I was amazed to learn that until Henry VI, by William Shakespeare, there was a 1500-year gap on mentions of running as a competitive sport in Literature. The last one was the Paul in 1 Corinthians reference.  But the developments in technology, such as the printing press and the streamlining of the processes to manufacture paper, made the written word affordable and widespread, so literature, including running literature, started its grown spurt towards what it is today.

Running in Literature

This is a jewel that any book-loving and/or history-loving runner should read

As the sport of pedestrianism developed during the late 18th and early 19th Centuries, we see the publishing of the first running book, in 1813. The author was Walter Thom. As titles of old books usually go, this one, with 32 words on it, is very comprehensive: “Pedestrianism, or an Account of the Performance of Celebrated Pedestrians During the Last and Present Century; With a Full Narrative of Captain Barclay’s Public and Private Matches and an Essay on Training”. Quite a mouthful.

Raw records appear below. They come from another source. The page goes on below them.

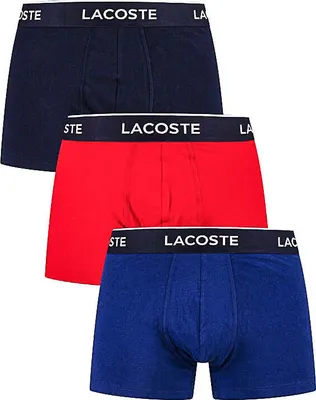 Zdjęcie produktu dla Lacoste Bawełniane elastyczne bokserki w kolorze granatowo-czerwonym dla mężczyzn - X duże / granatowo-czerwone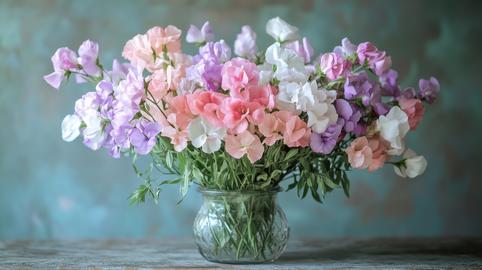 Pastel Floral Bouquet: A vibrant mix of pink, purple, and white flowers in a clear glass vase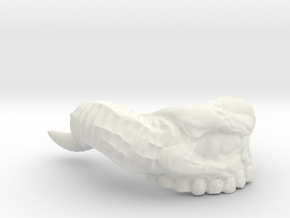 Bone knee pad Horned half skull (Right) in White Natural Versatile Plastic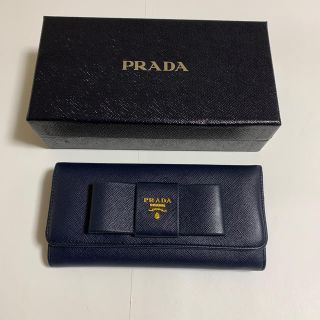 プラダ(PRADA)のPRADA プラダ　長財布　サフィアーノ　ネイビー　(財布)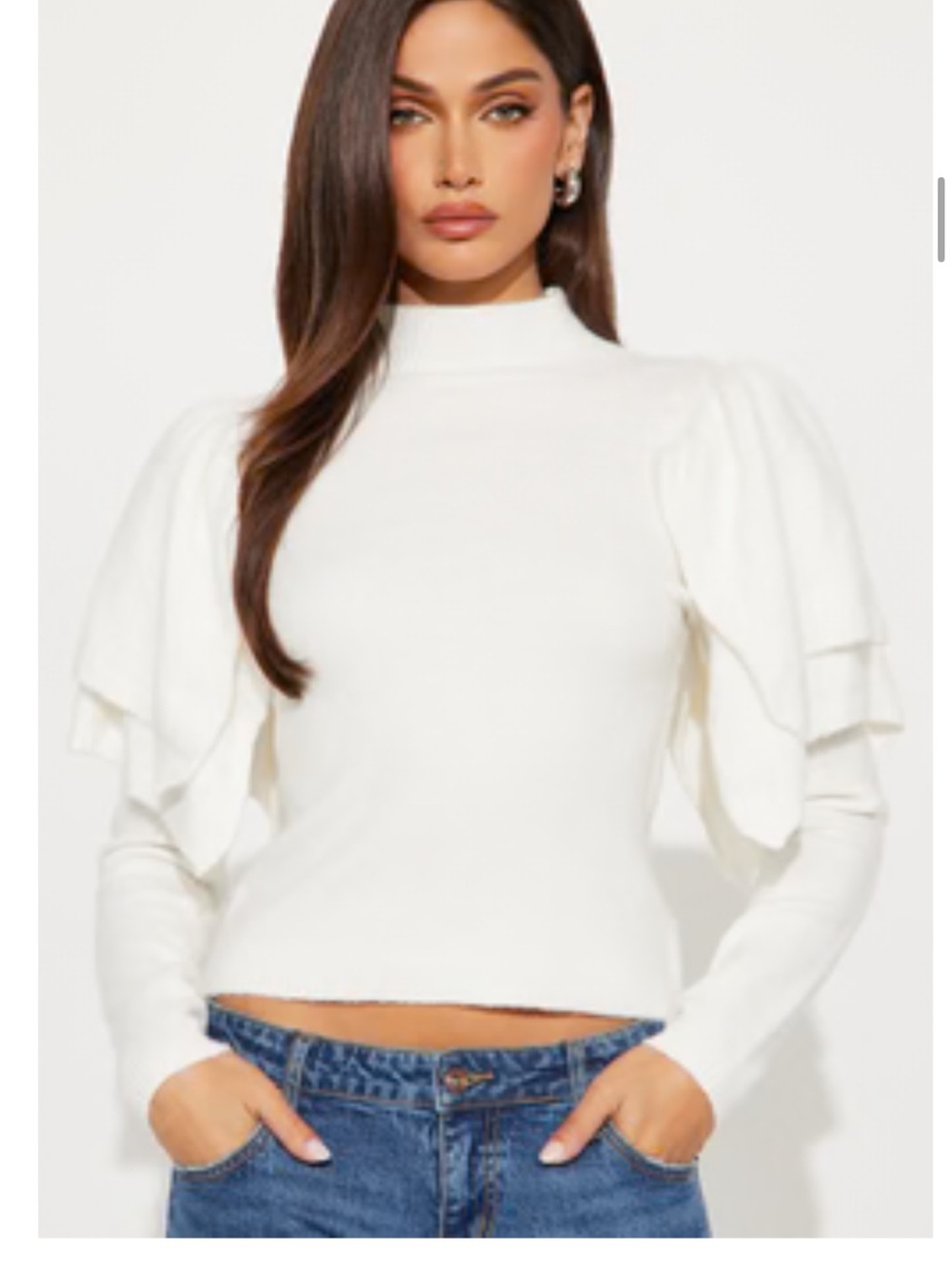Fashion Nova White Mock Neck Puff Sleeve Sweater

As we approach our times, and especially the Post WWII years when the access to literature and affordability of books became common, and as the first and second running booms arrived, a wide array of novels, poems, magazines and books came to market, some with much success, enough to become cult classics. Later, as the running scene exploded, more and more runners wanted to delve into de minutiae of the sport, its history, its science and the insight only the highest performers could offer through their memoires, so non-fiction and history books started showing up on the shelves.

The author dedicates chapters to the best fiction and non-fiction running books, and offers a short, personal review on each one of his selections. These are good recommendations for anyone wanting to dig deeper into the history and/or literature of our sport.

This is a very comprehensive book that covers over 3000 years of literature, so it is full of references and a collection of rotating protagonists that makes it very dense. This is not a pejorative reference on the book, just a warning so you will take your time to read it and digest it properly. This way you can get the most enjoyment and benefit from your time with this jewel that any book-loving and/or history-loving runner should read.